In the Northwest Side 10th Illinois Senate District, the three losers in the Democratic primary have already surpassed stages one through three and have plunged into stages four through six. There is a multiplicity of blame, a rejection of acceptance and an expectation of future glory.
According to vote tallies (see adjoining chart), Edison Park attorney John Mulroe emerged as the victor, amassing 10,036 votes (42.5 percent of the total cast) and racking up 59.4 percent of the vote in his home 41st Ward, 46.5 percent in the 45th Ward, 35.2 percent in the 38th Ward and 32.8 percent in the suburbs.
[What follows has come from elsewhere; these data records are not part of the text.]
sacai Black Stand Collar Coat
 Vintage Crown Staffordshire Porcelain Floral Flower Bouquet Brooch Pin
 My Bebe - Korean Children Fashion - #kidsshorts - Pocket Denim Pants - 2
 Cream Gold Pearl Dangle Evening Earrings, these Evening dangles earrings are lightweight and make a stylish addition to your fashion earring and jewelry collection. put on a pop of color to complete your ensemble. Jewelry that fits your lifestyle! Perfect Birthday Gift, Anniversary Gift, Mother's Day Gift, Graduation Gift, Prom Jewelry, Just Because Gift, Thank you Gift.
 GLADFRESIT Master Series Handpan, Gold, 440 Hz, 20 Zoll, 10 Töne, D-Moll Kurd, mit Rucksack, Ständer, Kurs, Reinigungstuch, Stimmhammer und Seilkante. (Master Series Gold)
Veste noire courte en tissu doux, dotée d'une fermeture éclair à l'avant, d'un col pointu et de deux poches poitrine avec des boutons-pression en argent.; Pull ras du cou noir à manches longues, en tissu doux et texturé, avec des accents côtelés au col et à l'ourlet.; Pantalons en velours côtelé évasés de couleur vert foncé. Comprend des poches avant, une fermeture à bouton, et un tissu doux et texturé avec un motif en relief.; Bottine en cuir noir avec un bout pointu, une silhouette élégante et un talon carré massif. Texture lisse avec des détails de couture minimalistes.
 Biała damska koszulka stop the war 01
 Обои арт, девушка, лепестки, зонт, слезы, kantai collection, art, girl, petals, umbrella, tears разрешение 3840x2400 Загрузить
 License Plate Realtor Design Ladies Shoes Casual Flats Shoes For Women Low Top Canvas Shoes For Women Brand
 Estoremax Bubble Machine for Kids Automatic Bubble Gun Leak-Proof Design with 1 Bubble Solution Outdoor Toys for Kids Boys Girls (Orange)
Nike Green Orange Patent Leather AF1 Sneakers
But the vanquished candidates -- Tom Ryan, Mary Sendra Anselmo and Wanda Majcher -- are unimpressed, unintimidated, unforgiving and hesitant to embrace Mulroe, who is a definite underdog in his November contest against 41st Ward Alderman Brian Doherty, the Republican nominee. The three losers got a combined 57.5 percent of the vote, as Ryan had 24.5 percent, Anselmo 22.3 percent and Majcher 10.7 percent.
"I haven't endorsed him yet," Anselmo said. "I'm still considering it," Ryan said. "He's the nominee, so I suppose I'll endorse him," Majcher said. Their drift is clear: "Hey, John. Hope you lose."
But why did they lose?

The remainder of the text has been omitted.